There are very few foods that actually present any extra danger to a pregnant woman – it basically comes down to avoiding listeriosis. It’s the only food-borne infection that really can harm your baby. Luckily, listeriosis is quite rare, enough so that outbreaks make the news (yearly incidence in the US is 3 cases per million population). It is often linked to unpasteurized cheese and lunch meats, so it’s reasonable to avoid those things (but also reasonable not to).
But everything else – the sushi, the raw egg, whatever else you hear about – is of no greater danger to you or the baby while you are pregnant than it was before. And if you pull the short straw and do get sick? Well it’ll suck, but the baby is a very efficient parasite and really won’t give a damn (morning sickness should prove that without a doubt).
You have to be physically really careful or you’ll hurt the baby! No lifting anything, no running, no twisting, no lying on your stomach.
Your baby is in a sealed bag of fluid, within an organ that is attached to you. Do you worry about your organs coming loose when you run or twist? I hope not. So if you’re not doing anything that hurts – a good all-around policy – baby will happily come along for the ride. That being said, John you should definitely still keep doing most of the cleaning around the house.
Pregnant women are also told to avoid anything hot – saunas, baths, India etc. under the belief that the baby will get too hot. But again, let’s remember the baby is in a pool of amniotic fluid inside an organ. Your internal body temperature is highly controlled and you’ll start feeling too hot and move well before the baby even thinks to wake up for another round of spin-around-the-belly. Again, keeping yourself comfortable is a good gauge. Now whether you want to hang out in hot places is another question; heat has become my nemesis in pregnancy and makes my limbs feel like lead.
Oh dear god, no lying on your back! The blood flow, think of the blood flow!
The worry is that the weight of your uterus when lying on your back can block a major artery (the vena cava) from carrying blood to your lower body and harm the baby.

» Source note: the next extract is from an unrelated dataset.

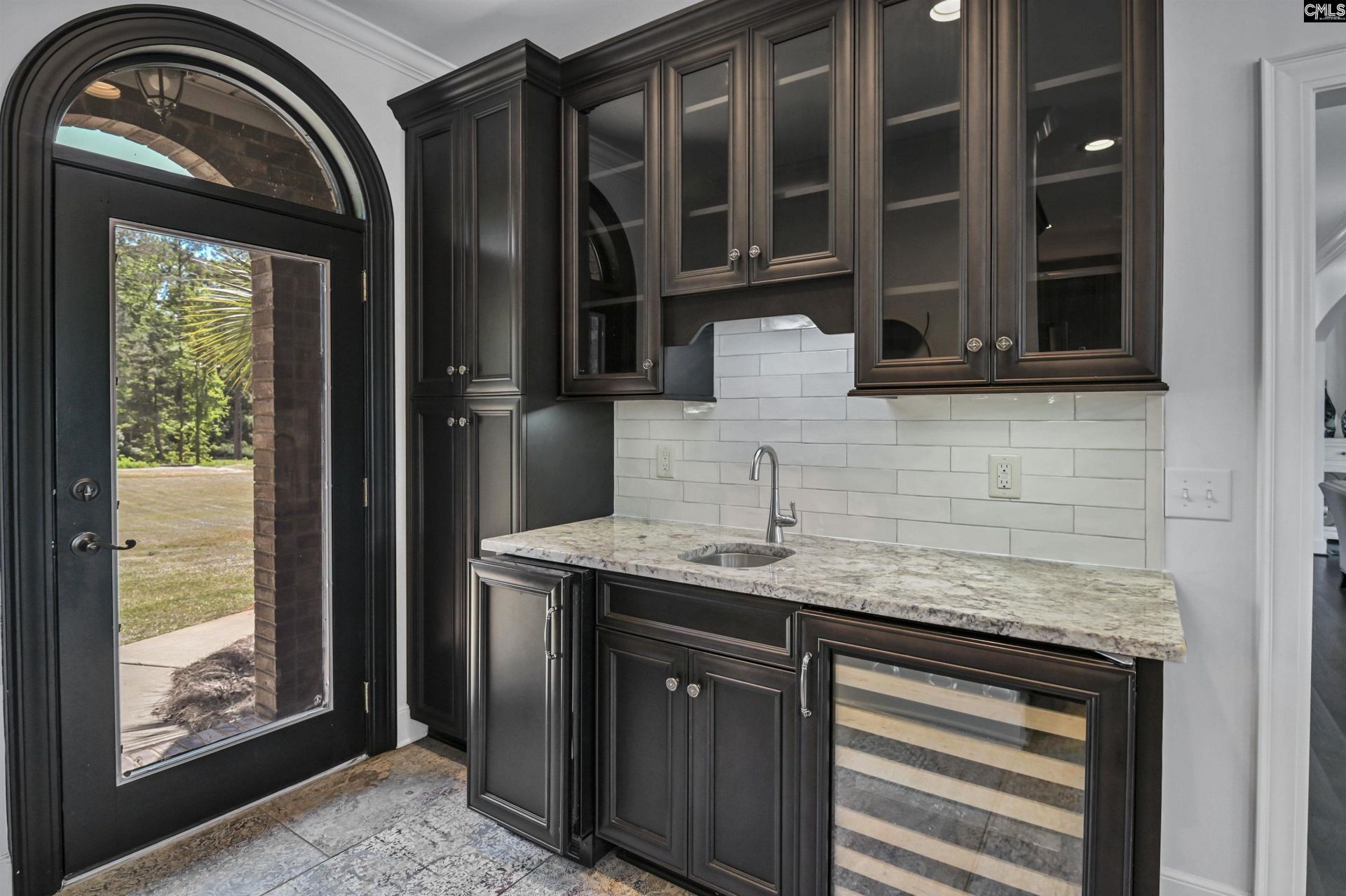 140 Woodbridge Drive  Photo 18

Sounds terrifying! But do you think there would be 7 billion humans on earth if simply lying on your back for a minute could harm a developing baby? The thing is, you’re using that blood too. It’s a MAJOR ARTERY. If it gets cut off, you’ll move because it won’t feel very good. Yeah, even in your sleep. We’re well designed like that.
Alcohol – Gasp! The fact that you’re even saying the WORD makes you a selfish monster!

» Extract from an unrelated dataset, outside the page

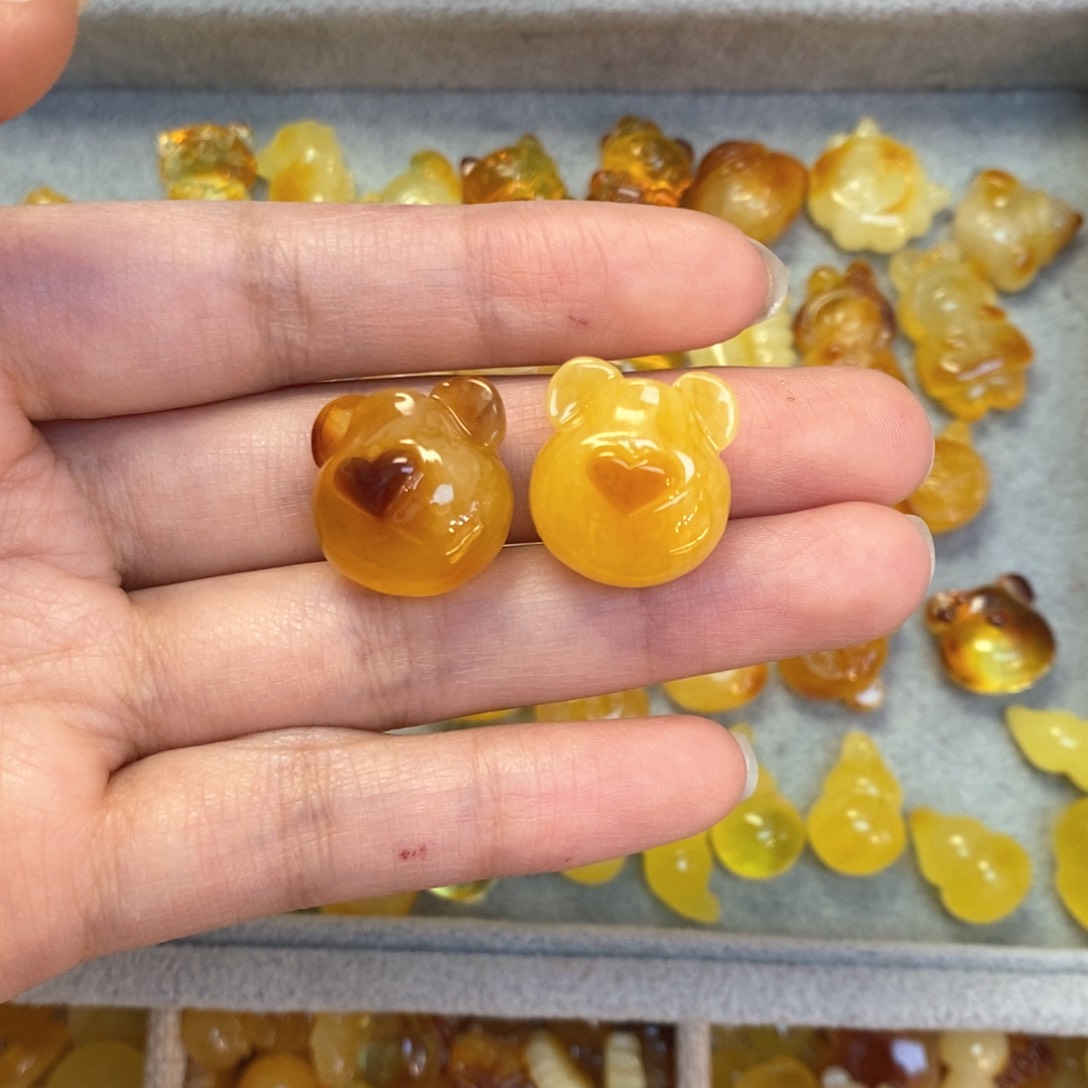 蜜蜡颈饰未镶嵌王***猫小熊头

The fear and judgement factor is through the roof here. Cognitive deficits, with fetal alcohol syndrome at the far end of the spectrum, are a real and worrisome outcome affecting children born to women who drink heavily during pregnancy. But as the guiding principle of toxicology says, the dose makes the poison. This hot-off-the-presses large meta-analysis of 34 of the highest quality studies done on the topic sums up the evidence on low to moderate alcohol consumption (defined as up to 6 drinks per week) as follows: “We detected no consistent evidence that mild or moderate prenatal alcohol exposure was associated with attention, cognition, language skills, and visual or motor development.” They in fact found that kids born to mothers who drank a little were doing slightly better on measures of cognition than those who fully abstained, but the mothers who drank a little also tended to be of higher socioeconomic status so those kids might be doing better because of other advantages than access to nice chardonnay.

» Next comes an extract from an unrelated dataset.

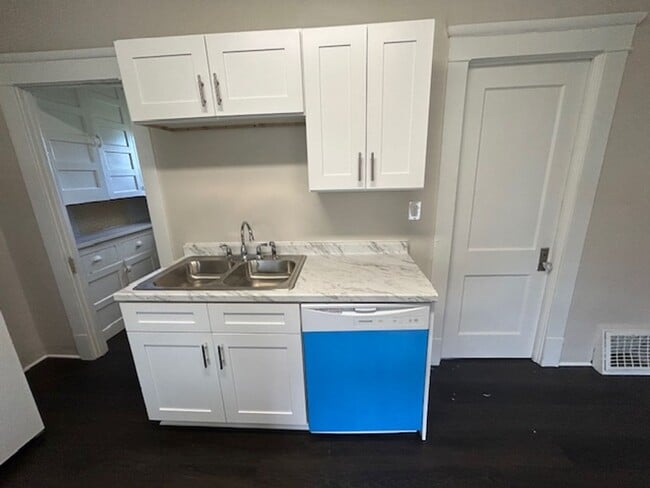 Foto del edificio - 315 E 25th St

Making the choice not to drink at all is clearly the easiest way to avoid any and all possible adverse effects of alcohol. But it isn’t the only reasonable choice. I carefully weighed my risks and made a conscious choice to have a little glass of wine on Friday nights because it’s delicious and makes me happy. I also still get into cars.
As living beings, we take risks all day, every day, and are trusted to make the best ones for us. That includes pregnant women and it’s time for society’s hyper-vigilant policing of pregnant women’s choices to end.
* But all of these have been confirmed to me by midwives – so I’m not just making them up.